BEGIN Material supplied

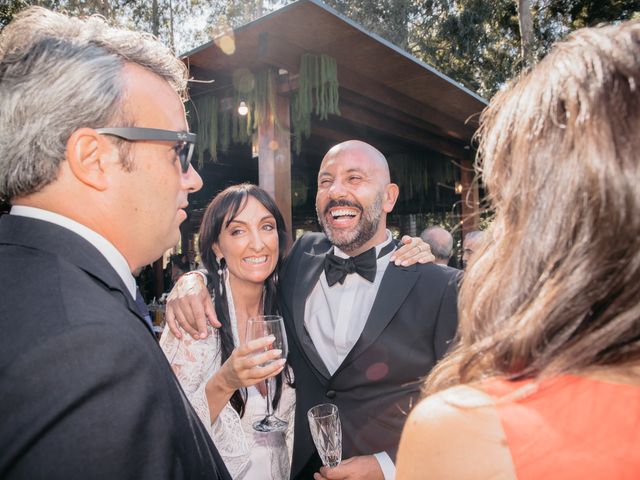 O casamento de Luís e Sandra em Vila do Conde, Vila do Conde 15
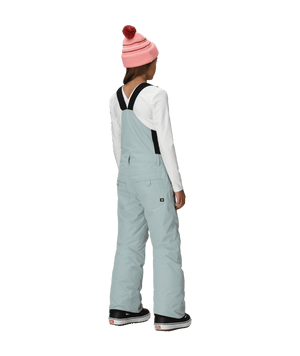 686 Sierra Insulated Bib Pant - Youth Girls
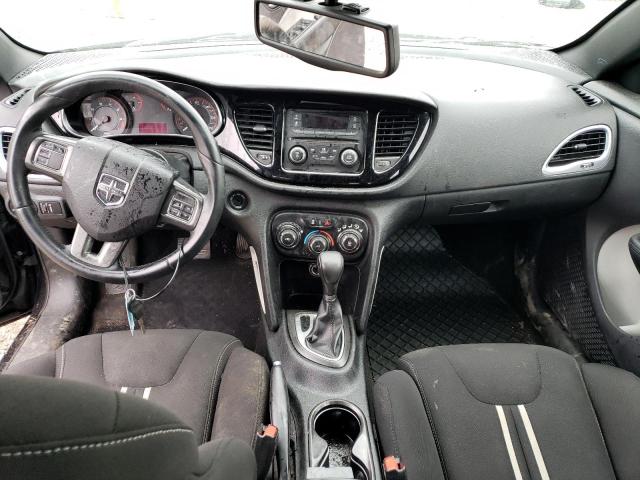 Photo 8 from auction – 2013 DODGE DART SXT with VIN 1C3CDFBA1DD104168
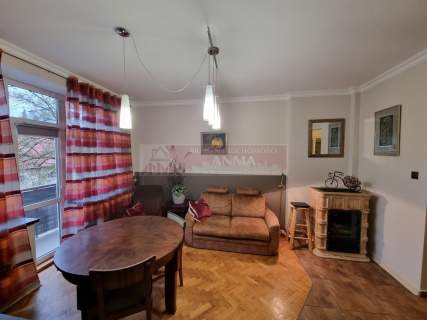Komfortowy duży apartament w centrum Lublina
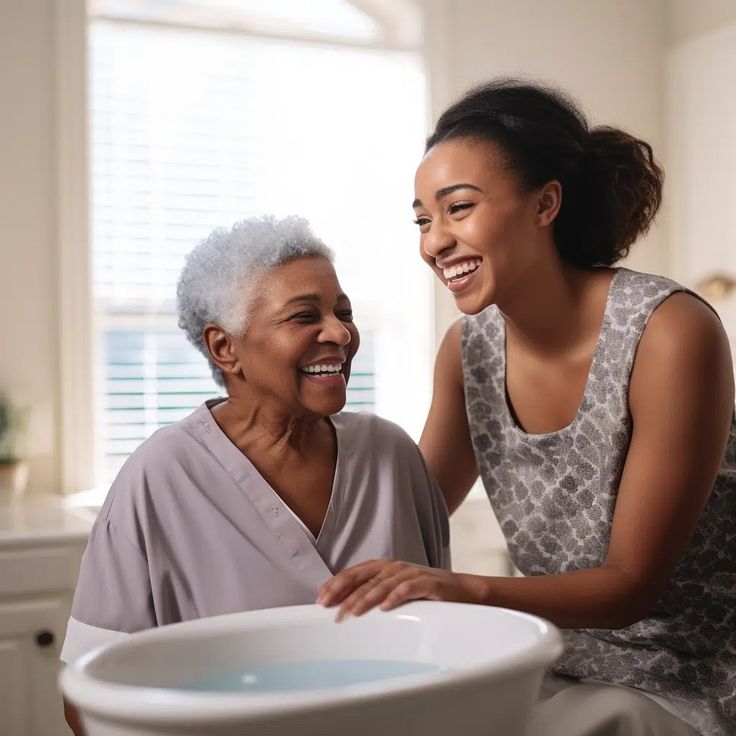 Intergenerational Programs For Longevity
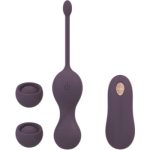 Dream Toys Royal Fantasies Iduna vibrator bile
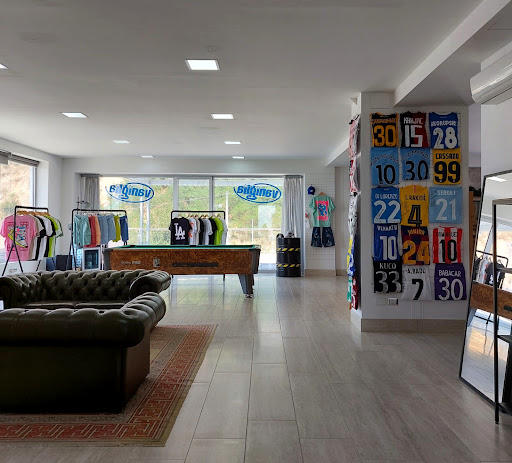 Vaniglia Store - Visual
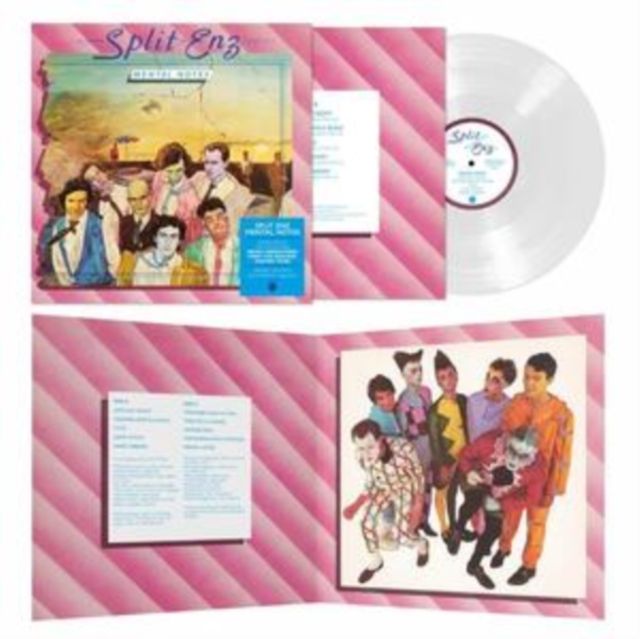 Split Enz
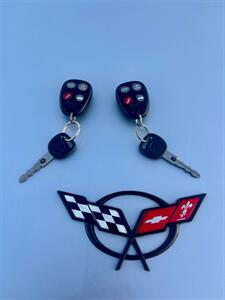 1999 Chevrolet Corvette   - Photo 4 - Palm Desert, CA 92211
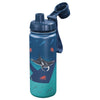 Step by Step Isolierte Edelstahl - Botella de agua 500ml (Underwater)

END Material supplied

**What is required:** Only what runs from the line containing "Intergenerational Programs For Longevity" through the end of the entries above should be extracted, exactly and without pictures.

**Response below:**
 Intergenerational Programs For Longevity
 Dream Toys Royal Fantasies Iduna vibrator bile
 Vaniglia Store - Visual
 Split Enz
 1999 Chevrolet Corvette   - Photo 4 - Palm Desert, CA 92211
 Step by Step Isolierte Edelstahl - Botella de agua 500ml (Underwater)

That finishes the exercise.